Einde inhoudsopgave
Uitvoeringswet huurprijzen woonruimte
Artikel 7a [Vergoeding voor uitspraak huurcommissie op grond van art. 4a]
Geldend
Geldend vanaf 01-01-2019
- Bronpublicatie:
06-06-2018, Stb. 2018, 172 (uitgifte: 19-06-2018, kamerstukken: 34652)
- Inwerkingtreding
01-01-2019
- Bronpublicatie inwerkingtreding:
06-07-2018, Stb. 2018, 251 (uitgifte: 31-07-2018, kamerstukken/regelingnummer: -)

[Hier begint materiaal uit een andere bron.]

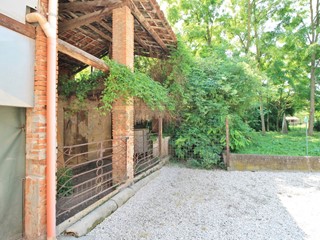 Terreno edificabile in Vendita a Gambellara, 125'000€, 778 m²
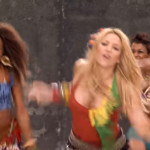 Shakira-Waka-Waka-This-Time-for-Africa-03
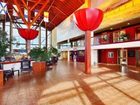 фото отеля Super 8 Roadking Hotel Sherwood Park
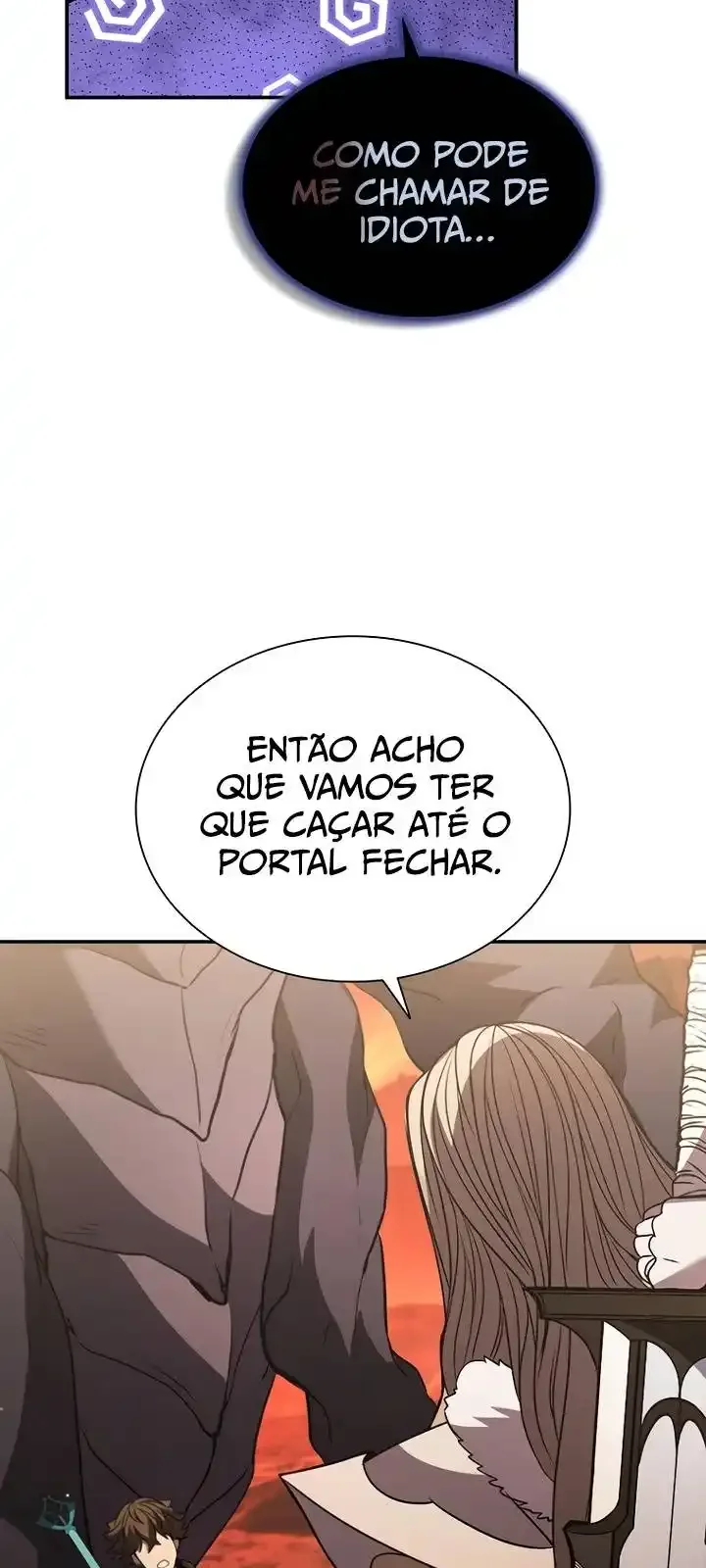 Página do Capítulo 114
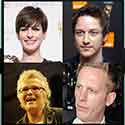 100 Pics Quiz Answers 4 Stars 1 Movie Level 69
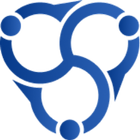 Go Mart: User icon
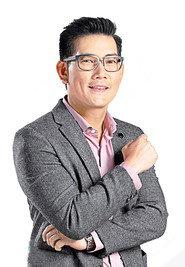 Richard Yap profile photo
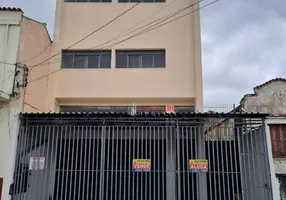 Foto 1 de Galpão/Depósito/Armazém para venda ou aluguel, 390m² em Ponte Grande, Guarulhos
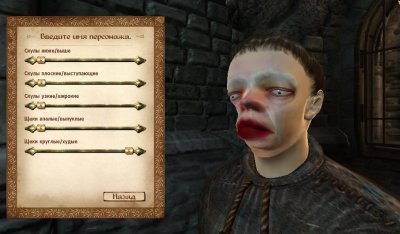 13588356107781.jpg.jpeg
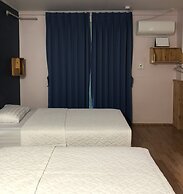 Good Guesthouse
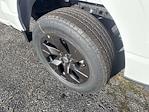 New 2025 Ford F-150 STX SuperCrew Cab for sale #F5052 - photo 4
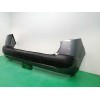 Recambio de paragolpes trasero para peugeot 207 sw 1.6 16v hdi referencia OEM IAM 9680251477  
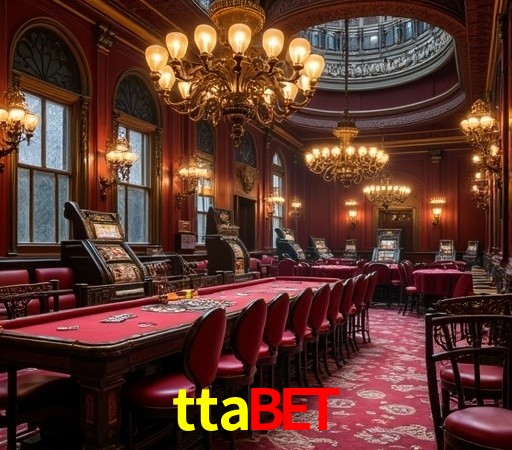Imagem secundária de apoio para instalação do app ttabet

- Overige regelgevende instantie(s)
Ministerie van Justitie
- Vakgebied(en)
Huurrecht / Huur van woonruimte
Huurrecht / Huurprijzen
1.
Voor het door de huurcommissie doen van een uitspraak als bedoeld in artikel 4a, is door de verzoeker een vergoeding aan de Staat verschuldigd.
2.
Het bedrag van de in het eerste lid bedoelde vergoeding wordt bij algemene maatregel van bestuur vastgesteld.
3.
Op verzoek van een verzoeker, is de voorzitter bevoegd vrijstelling te verlenen van de aan de Staat verschuldigde vergoeding, bedoeld in het eerste lid. Bij ministeriële regeling wordt bepaald in welke gevallen de voorzitter van de bevoegdheid, bedoeld in de eerste volzin, gebruik kan maken. Artikel 6, tweede lid, is van overeenkomstige toepassing.
4.
Het vierde, vijfde en zesde lid van artikel 7 zijn van overeenkomstige toepassing.